Senators Susan Collins and Joe Lieberman, a Republican and Democrat respectively, co-sponsored the legislation and said that, in particular, the name change was necessary due to how poorly FEMA performed during Katrina. The change is slight – FEMA will now be known as the U.S. Emergency Management Agency. The real change is to the acronym, which citizens are most familiar with, good and bad.
The question that arises for me is this: Instead of spending God-knows-how-much changing the letterhead and those bright yellow agency identifications on the back of their weather-proof jackets, couldn’t they keep the old name and simply resolve to improve FEMA’s image by performing exceptionally well next time a disaster strikes? The name change smacks of an effort by some overpaid inside-the-Beltway communications staffer who’d rather fix things with a new name, a few poignant commercials and a press release rather than truly fix an embattled federal agency with a wasted reputation.
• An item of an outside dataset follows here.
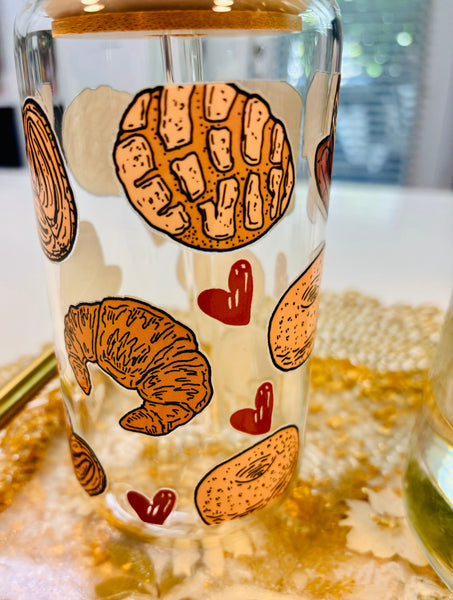 Cute Fun Coffee Glasses with Straws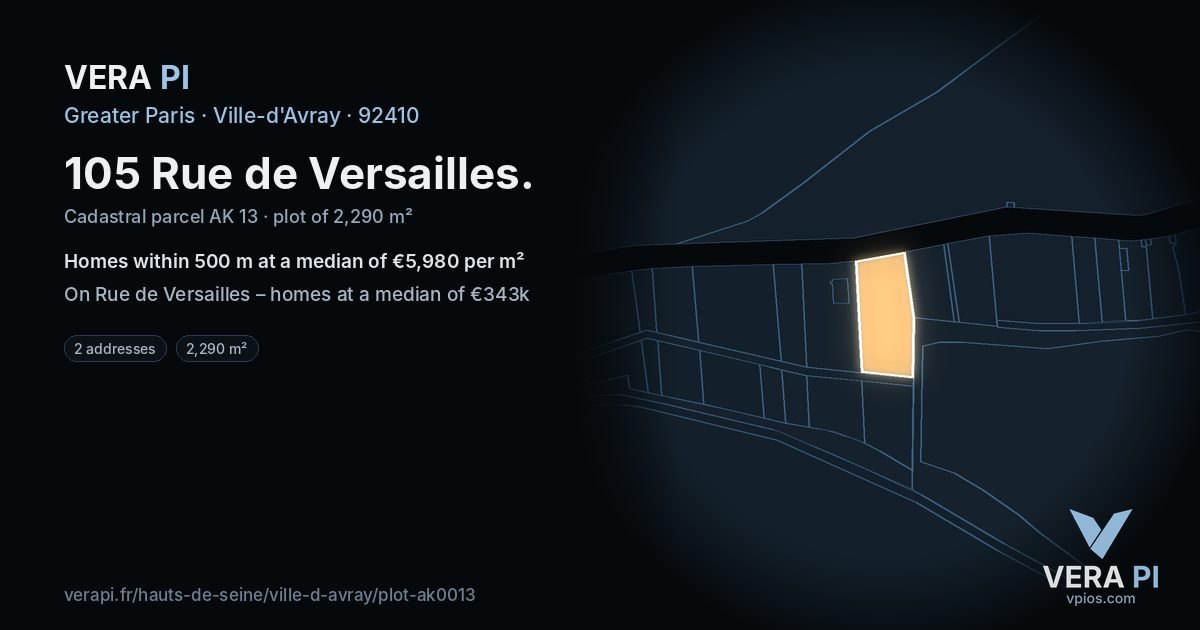 105 Rue de Versailles, Ville-d'Avray at night – the plot lit, the parcels around coloured by the prices near them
PBS’s Frontline did a great assessment of the response to Katrina last November. They concluded basically that Louisiana state emergency officials had in fact submitted a detailed list of items they needed for the recovery effort to the feds, but the feds never really got it together fast enough.
For decades, FEMA was known as a trash dump for political hacks until the Clinton White House set out to make it a respectable, cabinet-level agency headed by James Lee Witt, who earned a reasonably good reputation. He eventually left FEMA, however, and its status as a place to process political favors returned under Bush Jr. Making matters worse, after Sept. 11, the massive reorganization of the federal government brought FEMA under the broad umbrella of homeland security.
Despite Lott’s attempts, it’s appears unlikely that the legislation will survive the House without FEMA remaining where it is in DHS, but certainly Katrina taught us that disasters can come in many forms. It also taught us that for as much as the Republicans like to talk about reducing government bureaucracy, they’re just as likely to indulge in political patronage as the Democrats.
As far as current media coverage of the renaming goes, the Times at least did a story, but it was couched tellingly in a larger piece about domestic-security funding.